Although fewer offerings are scheduled this year, the cross section is wide, and uncannily specific to current concerns. It shines with two extraordinary documentaries about lesbophobia in sports. The lineup has the usual Teddy Award Winner for outstanding queer work honored at the Berlin Film Festival—actually, two of the films have won Teddys.

Queer Takes hews closely to the Walker’s basic mission.

Curator Dean Otto says, “With my selections this year, I was really focusing on the core mission of the Walker, and how that could be reflected, focusing on international programming, artists who are dealing with contemporary issues, and continuing relationships with artists over the course of their careers.”

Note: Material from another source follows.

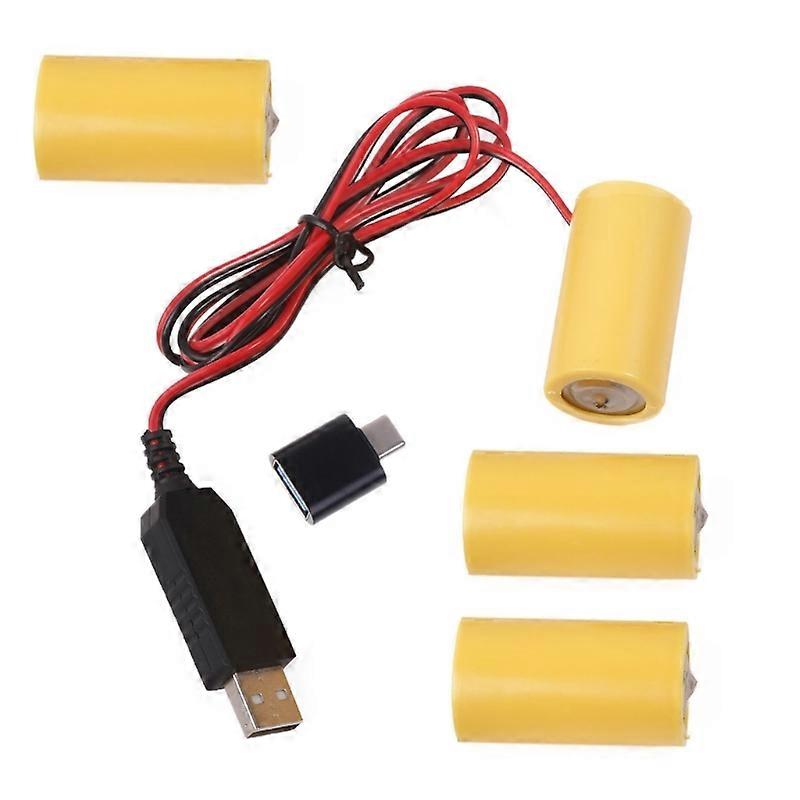 USB Power Converter DCBuck Boost Battery Eliminators Replace 4pcs 1.5V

Chef’s Special (Fuera de Carta) is a treat from Spain that’s not from Almodovar. Director Nacho Velilla’s comedy, set in Madrid’s gay ghetto, involves a gay father parenting his kids, whose attractions fix on a sexy football player who moves in next door.

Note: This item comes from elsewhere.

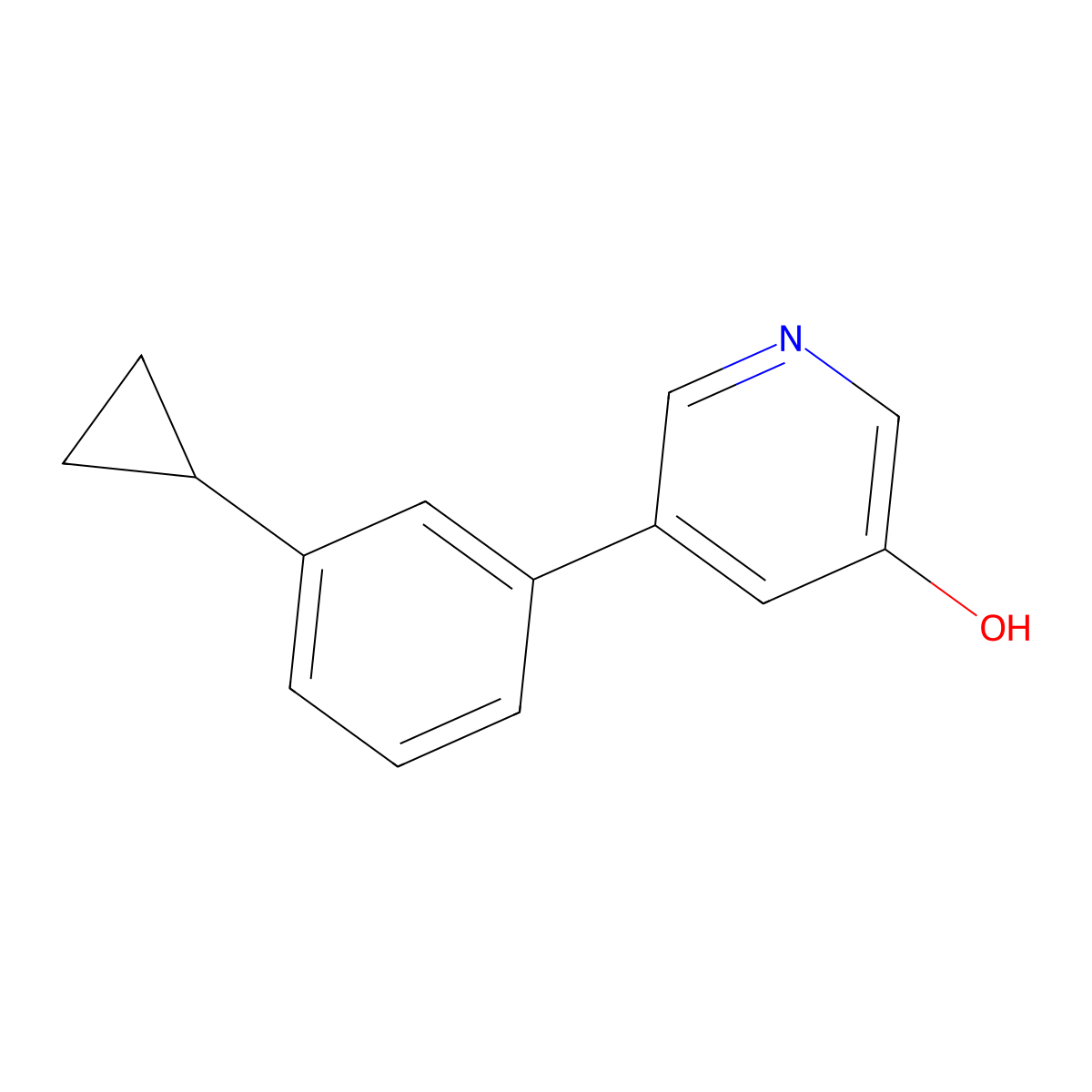 5-(3-Cyclopropylphenyl)-3-pyridinol molecular structure, CAS 2293458-10-1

Otto explains, “Spain is really having a vibrant development of young filmmakers.”

Sports are a central aspect in two documentaries.

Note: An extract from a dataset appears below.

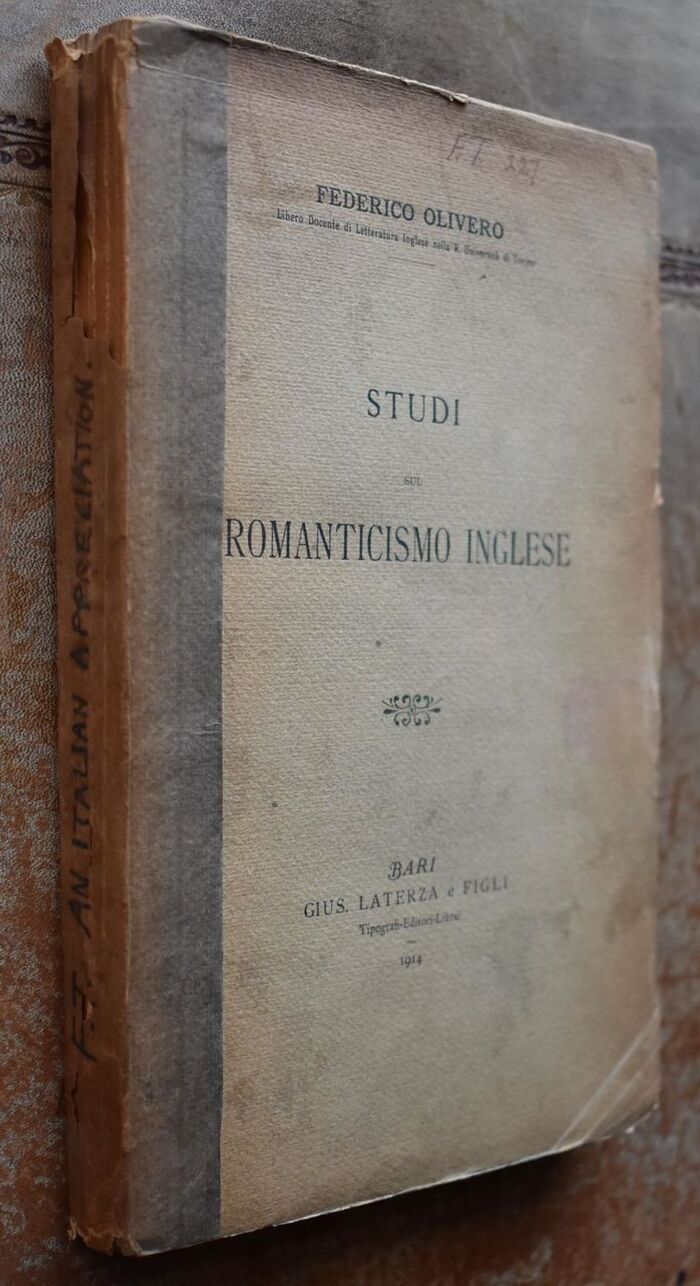 Studi Sul Romanticismo Inglese [inc. ALS] Image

Training Rules examines Pennsylvania State Lady Lions Head Basketball Coach Rene Portland, who had three rules: No drinking. No drugs. No lesbians. Two superlative documentarians, Dee Mosbacher and Fawn Yacker, codirected the film.

Football Under Cover, winner of two Teddys, captures an extraordinary women’s soccer match in Tehran between the primarily lesbian German team and an Iranian team. Because of Muslim dictates, the Germans are required to wear scarves. Daring directors Ayat Najafi and David Assmann take us right onto the field, along with Assmann’s sister and coproducer, Marlene Assmann.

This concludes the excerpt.